Understanding natural numbers is essential as they form the basis of more complex number systems like integers, rational numbers, and real numbers.

Mathematical symbols are like a universal language used by mathematicians to express ideas clearly and concisely. In the exercise, several symbols are used, such as: \( \mathbb{N} \), which stands for the set of natural numbers. This is a standard notation in set theory to denote particular number sets. Another symbol is \( \in \), which indicates membership. It is used to show that an element belongs to a set. In the example from the problem, the expression \( 9 \in \mathbb{N} \) can be read as "9 is an element of the set of natural numbers."Using these symbols allows for precision and efficiency in mathematical communication, which is why they are universally taught and understood. Familiarizing yourself with these will allow for better navigation through math problems.

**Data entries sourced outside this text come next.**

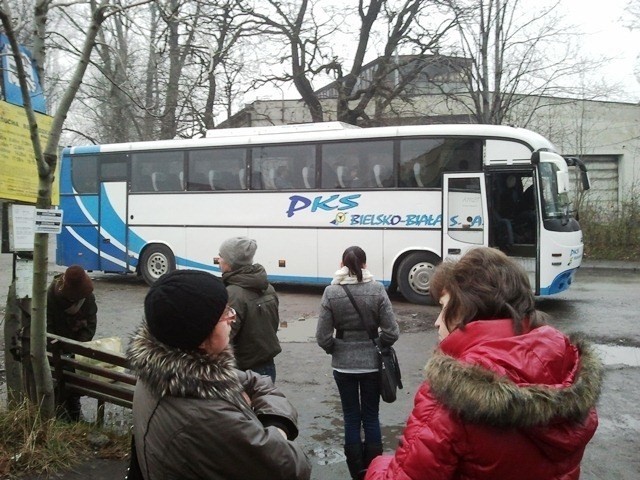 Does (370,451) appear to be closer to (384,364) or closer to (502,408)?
(384,364)

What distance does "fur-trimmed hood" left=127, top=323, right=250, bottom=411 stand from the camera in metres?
1.76

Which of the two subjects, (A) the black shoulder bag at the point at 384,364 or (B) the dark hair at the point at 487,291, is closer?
(B) the dark hair at the point at 487,291

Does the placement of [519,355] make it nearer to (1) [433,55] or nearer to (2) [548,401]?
(2) [548,401]

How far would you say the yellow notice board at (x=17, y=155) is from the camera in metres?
4.25

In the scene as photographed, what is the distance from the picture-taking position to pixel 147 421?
1.79 metres

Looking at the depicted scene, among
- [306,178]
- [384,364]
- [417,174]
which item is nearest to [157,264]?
[306,178]

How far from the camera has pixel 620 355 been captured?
Result: 7.84m

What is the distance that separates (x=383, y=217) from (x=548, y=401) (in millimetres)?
10763

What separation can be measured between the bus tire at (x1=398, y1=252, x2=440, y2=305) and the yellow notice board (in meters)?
8.56

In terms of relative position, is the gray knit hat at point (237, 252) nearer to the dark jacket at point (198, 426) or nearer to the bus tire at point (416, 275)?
the dark jacket at point (198, 426)

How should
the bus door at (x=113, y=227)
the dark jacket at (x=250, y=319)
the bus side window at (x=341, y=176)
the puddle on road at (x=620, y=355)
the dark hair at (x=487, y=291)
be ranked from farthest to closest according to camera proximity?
1. the bus door at (x=113, y=227)
2. the bus side window at (x=341, y=176)
3. the puddle on road at (x=620, y=355)
4. the dark jacket at (x=250, y=319)
5. the dark hair at (x=487, y=291)

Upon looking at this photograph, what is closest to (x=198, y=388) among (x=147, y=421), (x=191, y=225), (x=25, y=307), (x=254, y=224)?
(x=147, y=421)

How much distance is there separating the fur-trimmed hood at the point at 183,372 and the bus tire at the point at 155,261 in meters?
12.9

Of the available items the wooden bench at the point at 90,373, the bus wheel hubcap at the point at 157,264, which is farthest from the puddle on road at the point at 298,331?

In mathematics, when we say something is an "element of a set," it means that the specific item is contained within a specific collection, or set. Sets are defined by the elements they contain.For example, in our problem, the set \( \mathbb{N} \) contains the natural numbers. Thus, when we look at the number 9, we check whether it is inside this set. Since natural numbers include 1, 2, 3, and so on, 9 is indeed a part of this set.Thinking of sets as clubs can be helpful:

• Each club has a specific membership list (i.e., set elements)
• Any item or number either is or isn’t part of the club

Understanding this concept helps in determining membership and relationships between different sets.